Donkeys are smarter than sheep. If the sheep are out and you show up they go the other way. Sometimes it's tricky, but you use this fact to herd them to where ever you want them. When they reach the edge of the pen they say "Rats! Foiled again! A pen!" but because of the herd's inertia they go in anyways. Donkeys are clever. When they see you move they say "Why is she going that way? OH! Because she wants to get in my escape path, cut me off, and put me back in the pen. Bet I can take her." and then they run. With stealth and speed I did manage to catch the younger of the two. I put her in a head lock and yelled for Boy to hurry. She expressed her frustration by stepping on me. She really wanted to kick me, but she'd have to get loose to do that. Thinking things through she decided to try and bite me. When that proved useless she decided she'd just drag me along wherever she intended to go. Of course, I weigh enough to be annoying, so when she got annoyed enough she'd try again to shake me off and bite me.
Eventually Boy brought the grain and things went according to plan. In the meantime? I spent a lot of time wondering just what donkeys were for, and how they'd taste*.
Oh! I forgot to mention, we took a neighbor kid with us on this adventure. He's never gotten to hang out on a farm, so it was a true adventure for him. He said several cute things, such as "I wonder if the wind is alive..." and "The geese hissed at me.
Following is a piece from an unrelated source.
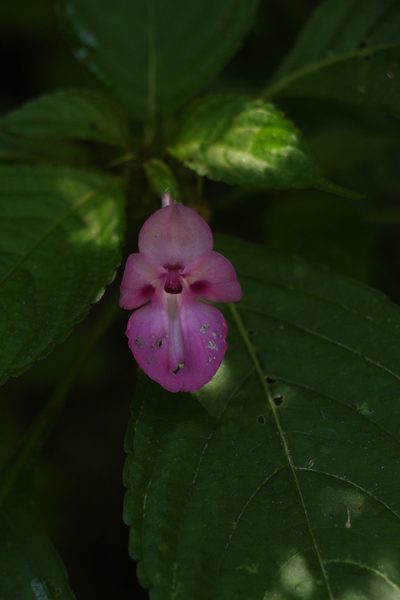 Impatiens decipiens, photographed by Siddarth Machado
I guess they learned that from hanging around with the cats." When he gathered the eggs I told Boy to make sure there were no hidden eggs- the hens are trying to go broody. When we explained they were trying to get the eggs to hatch, he asked if that meant these very eggs would hatch if you kept them warm.
He kept one egg in his hand the whole time. I gave him a dozen eggs, including two turkey eggs, to take home and eat. They came from the batch that included some eggs that had chicks in them, because he seemed to think that was neat. Not that you want to eat those, but because he could see what goes on. Instead of eating them, when he got home he put them in a muffin tin and put a lamp on them. Honestly, I have no idea what will happen. The ones that had gotten started and then got put in the fridge are already dead, I'm pretty sure. But the ones that hadn't started yet might still be viable. If he doesn't get bored turning them. I don't know. I do know the turkey eggs are duds. The Tom likes to hump anything with feathers, including the chicken hens, but he just can't get the hang of how humping works. He's very serious, but when you watch him his tail is miles away from the girl's tail. Miles and miles.
I do hope that someday we end up with the space to some farming of our own. Not enough for other people, just enough for us to have meats and eggs and veggies, and maybe milk.
I've been spending a lot of time day dreaming of how much farming we can legally do in our little city yard. Plants are easy. I've been wondering about rabbits. Myfarmer says they're the most efficient meat to grow. Can we use them for lawn mowers? Am I strong enough to break a rabbit's neck?
Simon is reading over my shoulder, and says no.
Simon also accuses me of mommy blogging. While ignoring the children. I counter this is not a mommy blog.
going to feed the children,
* I do not have the visceral response to the thought of eating horse/donkey meat that most of you have. When I was little I asked what hamburger was made out of, and somehow I got it into my head that the answer was cows and horses. It wasn't until I was almost in high school that I learned otherwise. The upshot is that the thought totally does not gross me out at all, and I find it slightly amusing how gross other people think it is.